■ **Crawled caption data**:
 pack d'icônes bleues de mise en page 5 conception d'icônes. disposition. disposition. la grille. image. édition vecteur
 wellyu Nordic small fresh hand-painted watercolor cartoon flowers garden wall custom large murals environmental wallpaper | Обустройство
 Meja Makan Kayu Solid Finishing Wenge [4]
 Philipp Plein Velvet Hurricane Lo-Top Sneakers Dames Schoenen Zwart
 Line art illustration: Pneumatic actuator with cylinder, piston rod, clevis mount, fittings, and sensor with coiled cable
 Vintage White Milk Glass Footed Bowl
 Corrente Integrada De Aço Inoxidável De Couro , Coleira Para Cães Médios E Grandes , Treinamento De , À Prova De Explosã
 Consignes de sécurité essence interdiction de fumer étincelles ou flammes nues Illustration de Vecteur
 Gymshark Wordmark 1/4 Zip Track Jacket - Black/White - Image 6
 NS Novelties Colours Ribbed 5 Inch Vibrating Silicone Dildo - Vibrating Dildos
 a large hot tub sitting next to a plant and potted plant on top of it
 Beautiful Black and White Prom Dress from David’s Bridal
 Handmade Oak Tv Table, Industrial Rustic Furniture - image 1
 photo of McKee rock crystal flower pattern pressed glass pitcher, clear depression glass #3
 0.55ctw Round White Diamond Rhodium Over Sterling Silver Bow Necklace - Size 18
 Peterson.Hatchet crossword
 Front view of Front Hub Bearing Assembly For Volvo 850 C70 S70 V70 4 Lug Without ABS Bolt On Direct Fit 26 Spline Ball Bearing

■ **WORK REQUIRED**:
Each line from the one holding "Consignes de sécurité" to the end of the data above goes into the answer exactly as written, and no other line does.

■ **OUTPUT FOR THIS TASK**:
 Consignes de sécurité essence interdiction de fumer étincelles ou flammes nues Illustration de Vecteur
 Gymshark Wordmark 1/4 Zip Track Jacket - Black/White - Image 6
 NS Novelties Colours Ribbed 5 Inch Vibrating Silicone Dildo - Vibrating Dildos
 a large hot tub sitting next to a plant and potted plant on top of it
 Beautiful Black and White Prom Dress from David’s Bridal
 Handmade Oak Tv Table, Industrial Rustic Furniture - image 1
 photo of McKee rock crystal flower pattern pressed glass pitcher, clear depression glass #3
 0.55ctw Round White Diamond Rhodium Over Sterling Silver Bow Necklace - Size 18
 Peterson.Hatchet crossword
 Front view of Front Hub Bearing Assembly For Volvo 850 C70 S70 V70 4 Lug Without ABS Bolt On Direct Fit 26 Spline Ball Bearing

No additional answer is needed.